Pameran semacam ini dapat pula diberikan judul tanpa adanya istilah “disabilitas,” karena itu sudah masuk inklusif. Terdapat beberapa pemantik pembahasan yang menyatakan bahwa jika diberi judul “disabilitas,” akan terasa kurang inklusif karena seolah-olah terjadilah pemisahan dan eksklusivitas antara pameran ‘seni disabilitas’ dengan pameran seni pada umumnya.

Penulis artikel ini, sebagai perupa disabilitas Tuli (verbal, pemakai alat bantu dengar, non-isyarat) yang cukup sering hadir acara diskusi maupun seminar seniman, masih butuh akses JBI. Karena pendengaran dari penulis tidak semua dapat menerima informasi sepenuhnya, hanya dapat sebagian sekitar 40-60% saja. Dengan diselenggarakannya kegiatan inklusif seperti ini, menjadi harapan besar agar ke depannya bisa ada lebih banyak lagi lokakarya seperti ini. Dengan lebih banyaknya kegiatan-kegiatan seperti ini, dunia seni—baik seniman, galeri, pengunjung, maupun aspek lainnya—dapat menjadi lebih inklusif lagi. Dengan menjadi lebih inklusif, para penyandang disabilitas menjadi manusia seutuhnya seperti pada umumnya yang bisa berkarya dan bekerja dengan setara.

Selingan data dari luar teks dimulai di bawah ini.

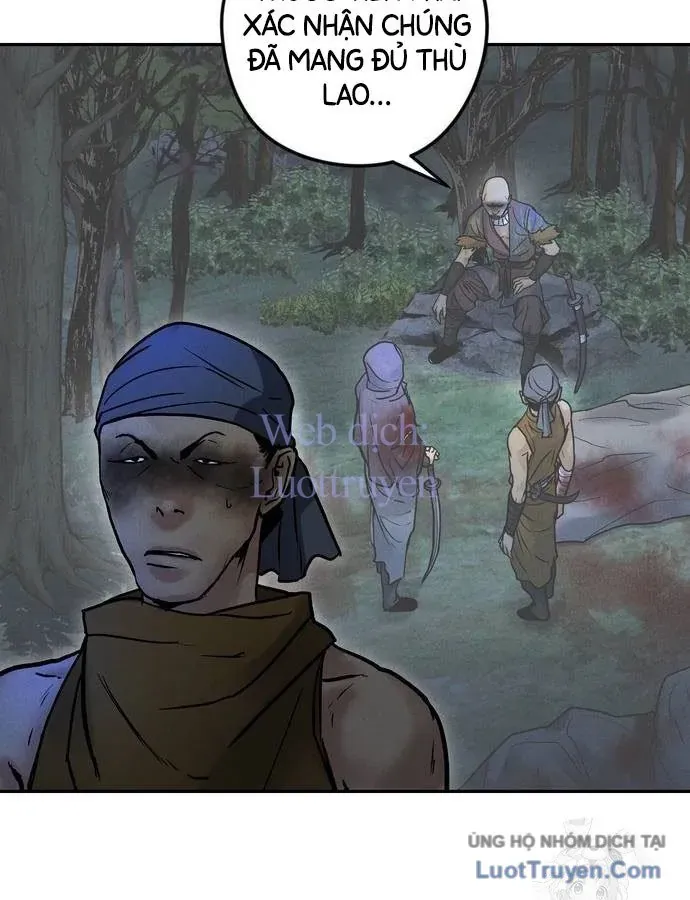 Vô Phạt - Chương 24 - Trang 38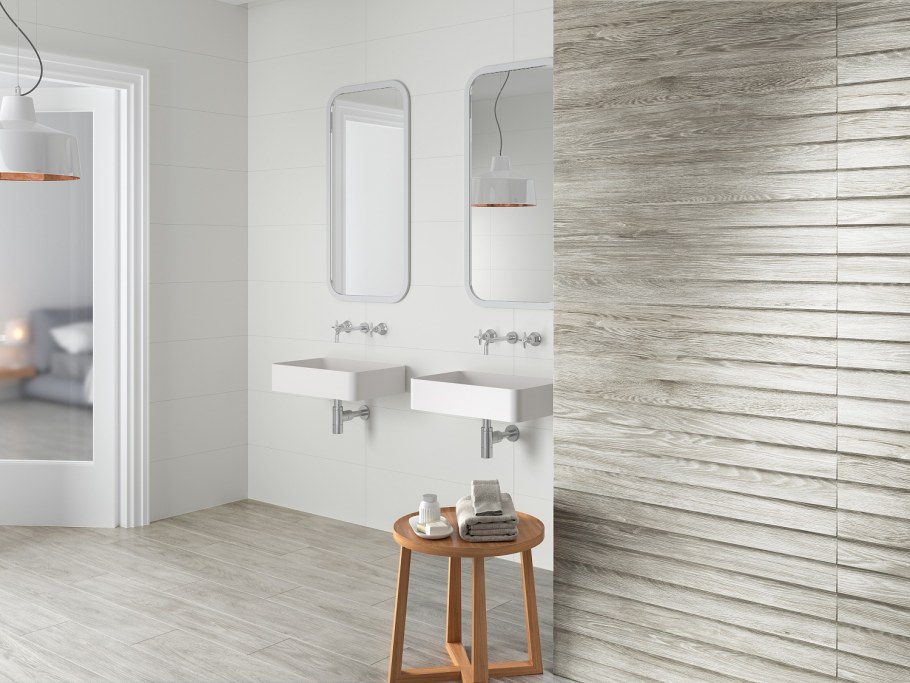 Kerama Marazzi Низида
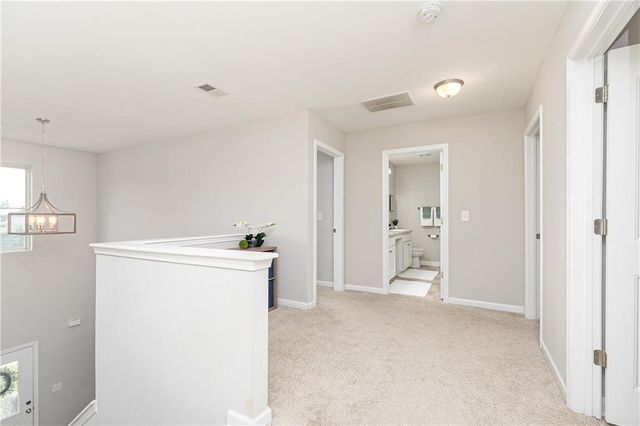 738 Stable View Loop, Dallas, GA 30132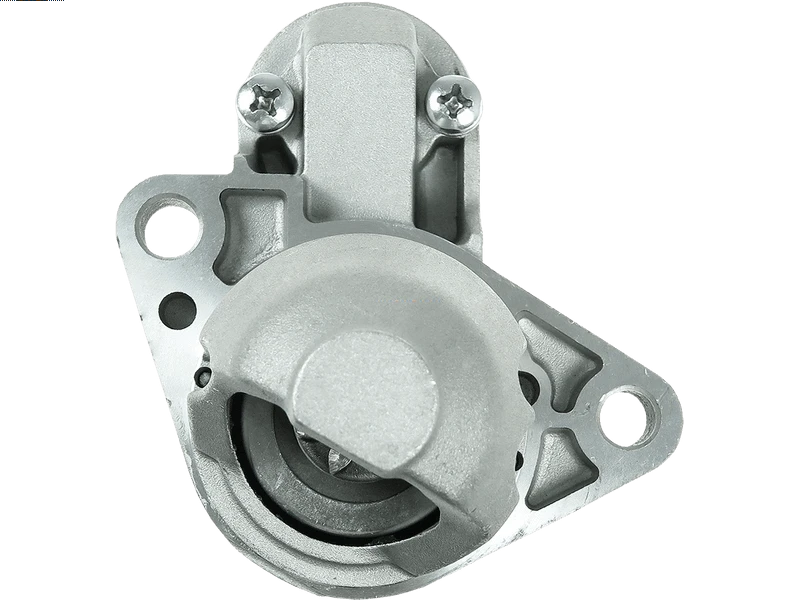 Motor de arranque S5212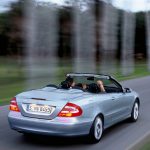mercedesbenz_clkcabriolet_a209_ser1_10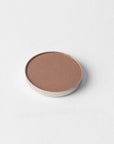 Matte Pressed Eyeshadow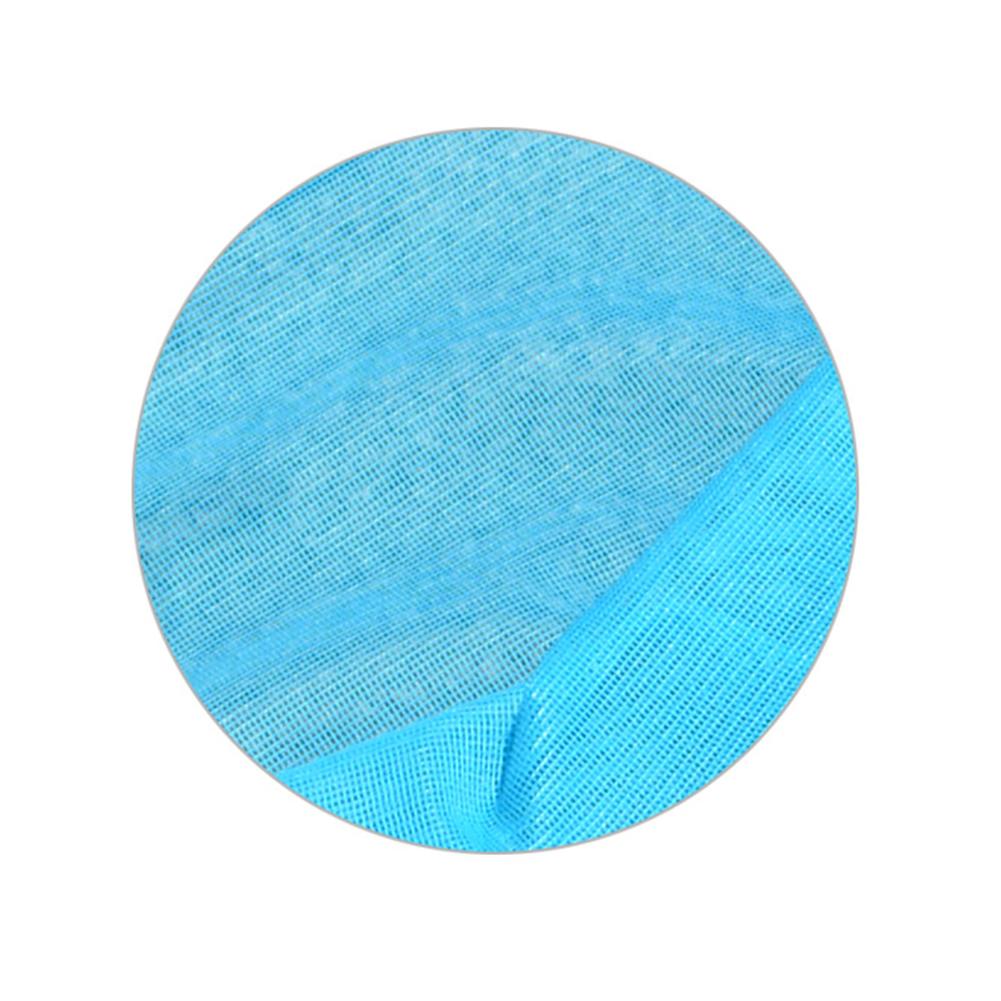 Swimming Pool Net Leaf Skimmer Rake Net Detachable Fine Mess Cleaning Net Rod Not Included Outdoor Pool Pond Cleaning Tools 20E
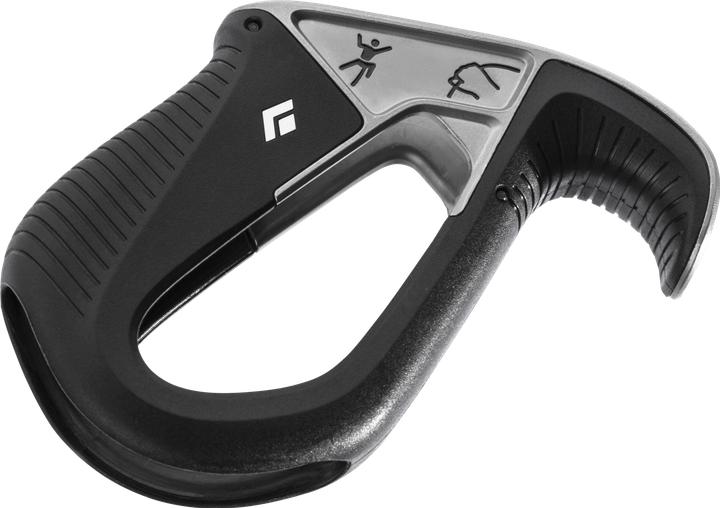 Image du produit Black Diamond Pilote ATC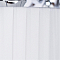 Люстра ARTE LAMP A4038PL-8CC
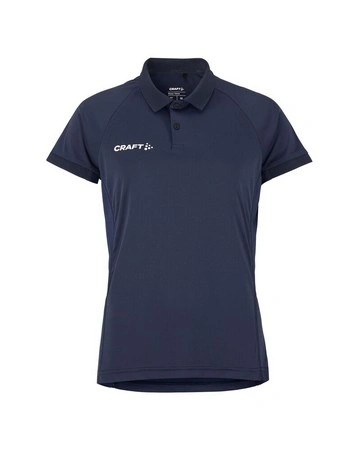 Polo premium con malla ventilada ref 1916717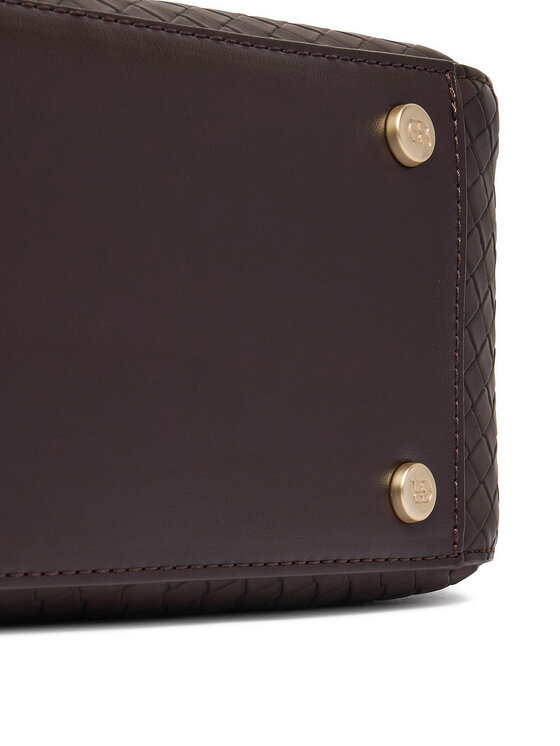 GINO ROSSI GINO ROSSI Geantă EO-LDA9253 Maro închis
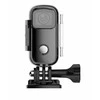 SJCAM C100 Juoda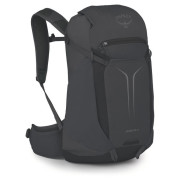 Plecak turystyczny Osprey Sportlite 22 czarny raven black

Indira Natalia (b. 1991) adalah perupa disabilitas yang lahir besar di Jakarta, Indonesia. Dia lahir pada tanggal 16 Desember. Dia adalah salah satu grup duo Gurat Sahabat dan kolektif bernama Buka Warung. Dia juga mempunyai kegiatan sampingan sebagai asisten dalang dan pengrajin wayang potehi dalam Sanggar Wayang Potehi Siauw Pek San di Jakarta. Dia selalu memaknai kehidupan sehari-hari dengan jujur dan apa adanya seperti pada karyanya yang terbaru yaitu menerjemahkan suara dari perspektif pendengaran yang inspirasinya berangkat dari kondisi disabilitas pendengarannya sendiri. Melalui kekaryaannya, dia ingin mengajak orang-orang agar dapat merasakan situasi sehari-hari secara visual. Dia menggunakan banyak media, mulai dari watercolor, instalasi, woodcut, silkscreen, sketsa, lukisan, dan tekstil. Menurutnya, menggambar, garis, dan warna adalah visual bahasa.